Actually, his sister said, it was only a week, but for a small boy, it must have seemed endless. He’s got other memories too. The family Rosary every night. His mother rising at 5 a.m. each day to walk two miles to the church to attend Mass. They are lessons of faith that stay with him, even now. Especially now.
As a young man, he became a disc jockey for rave parties — not exactly a church-based activity. “I was a party animal all my life. That’s why I didn’t go to school,” Duong said. In spite of all that, he never missed Sunday Mass. Somehow, the faith and the discipline instilled in him as a child stuck. Finally, the emptiness of his lifestyle got to him. One day, he asked himself: Is this all there is?
These days, he’s a college student pursuing a degree in electrical engineering. On Sundays, he attends Mass at Ss. Simon and Jude Cathedral and then visits an elderly, homebound couple in the neighborhood. Raymond, the husband, is receiving hospice care.
Duong brings Holy Communion with him. Drawing up a chair in the modest living room, he asks how Raymond is feeling and how the couple’s daughter is faring in the wake of a bout with pneumonia. After giving them Communion, he tells them he’ll be back the following Sunday to see them again.
“There’s an enjoyment to visiting the sick,” Duong said as he sat in the park across the street from the stucco house. “The elderly and the sick — I know they’re lonely and they don’t get visitors all the time. They like to tell their stories, so it’s good that I can be there to listen.”
One woman he used to visit, Duong said, used to tell him her life’s story. “I knew she needed someone to tell,” he said simply.
Both his grandmothers are currently living with him, something he said is a reflection of the Asian culture’s reverence for the extended family.
“I still have bad habits, but I try to be more conscious about what I do. I always ask myself, is that ethical?”
God, he says, has given him second chances in life.
“I’ve gotten in car accidents where the car flips over and I come out just fine. I see that God has a lot of mercy on me and loves me through that,” Duong said. He still remembers someone who was near death, someone he could have visited but didn’t.
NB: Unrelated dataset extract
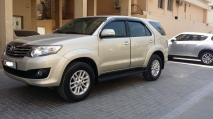 للبيع تويوتا Fortuner 2014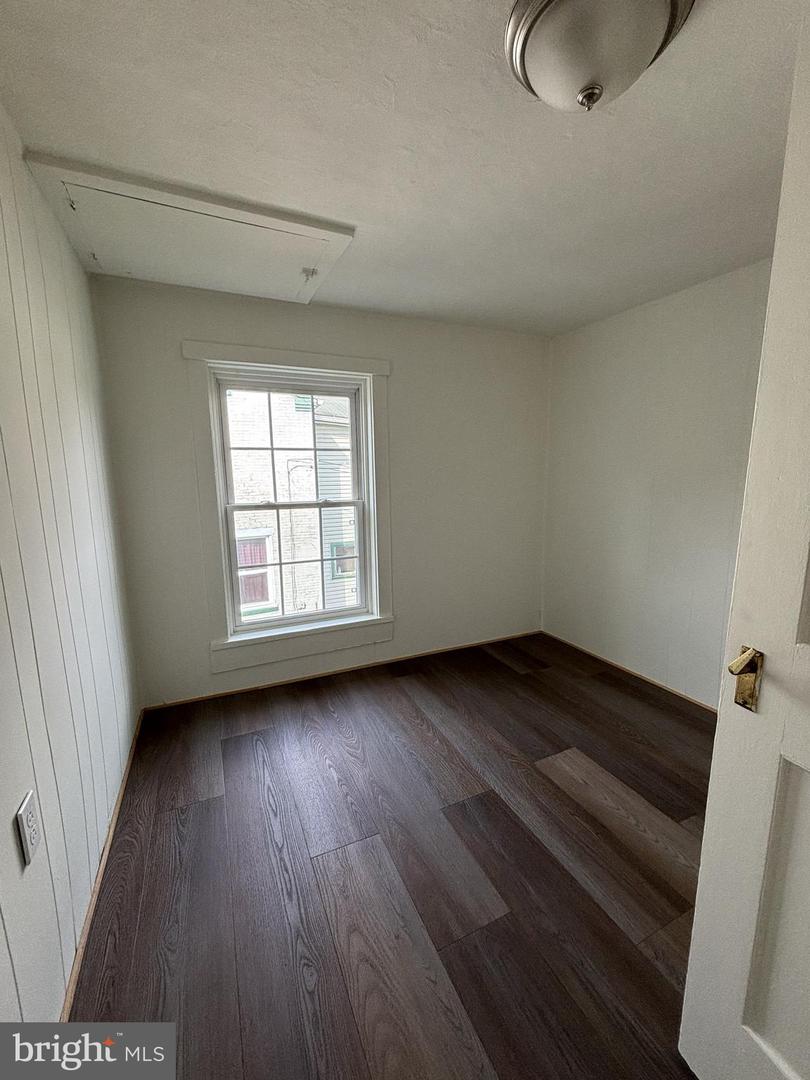 1427 Moore St Property Photo 8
It’s because faith hadn’t worked its way into his everyday life at that point, he admitted humbly. Now, he makes visiting the sick a weekly affair, sharing the love and mercy of God that he’s encountered in his own life.
“It’s a responsibility for me to bring Jesus to people in need,” Duong said. “In the past, I failed to do that maybe through the way I lived or my actions. Now I feel like it’s an opportunity for me to bring God to someone else. It’s a blessing and an honor.”